店の人が言うには、気仙沼で占いを職業にしている方で、女性雑誌にも出ているそうです。私はほとんど反射的に『はい』と返事をしていました。私はその頃、左の腕が重いというか、肩こりでもない、筋肉痛でもない、なにか違和感があったので、原因がわかるかもしれないという気持ちもあって承諾したのだと思います。

『あなたは胃が弱いから胃の病気に気をつけろとお父さんが言ってます。お母さんは、ありがとうと言ってますよ』

そこで号泣してしまいました。

『ちゃんと伝えたから、もうお父さんとお母さんには帰ってもらっていいかしら』と言われ、何だかわからないままうなずきました。

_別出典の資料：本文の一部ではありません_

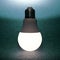 Led bulb included on a dark background. everyday household item in electricity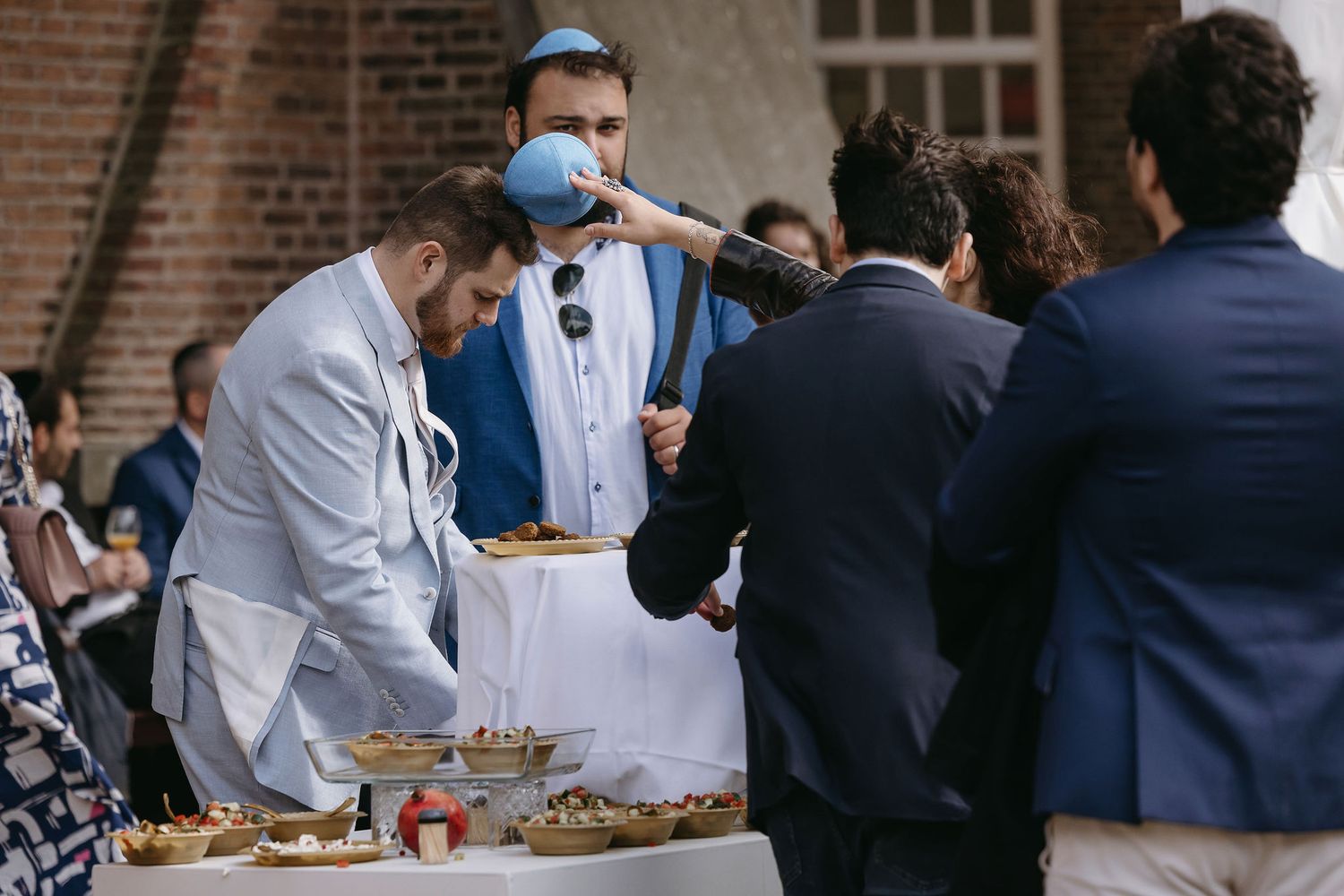 Guests gather around a buffet table at an outdoor wedding reception.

そしてその方が私の肩のあたりを触り、お経のような呪文を唱えて私のまわりを一周すると、左肩をポンポンと叩いたんです。すると突然、左肩から、サーチライトのような光が真っ白な円柱になって空へ昇っていきました。ちょうどバットくらいの太さでした。一瞬でしたね。店員さんたちもその場にいました。

『見えたでしょう?』

『はい』

『安心して上がっていったから』

いつの間にか、私の腕にあった違和感が消えていました。”


じつは私はこうした話を読んで、何の違和感も覚えない。

なぜなら私にも霊感としか形容しようのない感覚があるからだ。

左肩に「何かが憑く」感覚は分かるし、特定の人や場所にある「気」のようなものも感知してしまう。

しかも困ったことに、邪悪なものと穢いものばかり明確に察する。

おそらく怨念や欲得といった強い情念ほど滞留しやすく、私の貧弱なアンテナでも感知してしまうのだろう。

さて、わがヨンデーの近くにコンビニジムができた。

そこには駐車場がないので、利用者は近隣施設に無断駐車をするほかない。

わがヨンデーの前にも無断駐車をする女がいるが、なぜかクルマごと強烈にヤバい気を発しているのだ。

ちょっと感じたことのない凄さであるので、コンビニジムで存分に発散してもらいたい。

某月某日

とある巨大アパレル企業の創業社長が新入社員を前に「無知の知」という言葉を使ったとの記事を読み、この組織の衰亡を確信した。

「無知の知」ほど危険な言葉はない。

なぜなら自分と他人を同時に刺してしまう言葉だからだ。

たとえばこの創業社長のように、上の者が下の者に向ければ士気を削いで組織を弱らせるし、下の者が上の者を刺せばどちらも無傷では済まない。

不勉強な怠け者が使えば嗤われるし、勤勉を気取る者が使っても軽蔑される。

ことほどさように厄介であるがゆえに、こうしたソクラテス主義的言葉は真理として棚上げされ祀られたのである。

ところが、そうした態度に我慢できない懐疑家がいた。

ニーチェである。

彼は「悲劇の誕生」において、ソクラテス主義者を芸術の根本原理ー理知主義では捉えきれぬものーを解さぬモグラ野郎と攻撃したが、これは同時に学者としての基盤である科学的合理主義をも攻撃することとなり、結果、論争にも敗れ学者生命を絶たれることとなる。

それでも一切の価値に懐疑の目を向け、価値転倒に挑んでいったこの哲学者は、様々な問いを投げかけたまま生を終えていく。

ところで長年ニーチェを読んできて思うが、彼の思想が何か人生の役に立ったという記憶はない。

それなのに、何度読んでも面白いから困る。

ウェイトトレーニングも同じで、健康のため、美容のため、といった「ためにする」トレーニングを職業として指導してはいるが、私自身がトレーニングをする動機はそこにはない。

何万回やってもただただ面白いから、トレーニングをしているのである。

何なら、いまさら効率とか成果とかどうでも良くて、やれない理由がない限りトレーニングは毎日やっている。

むしろ今となっては、意味や動機に縛られなければできないトレーニングなどやっても仕様がないとさえ思うのである。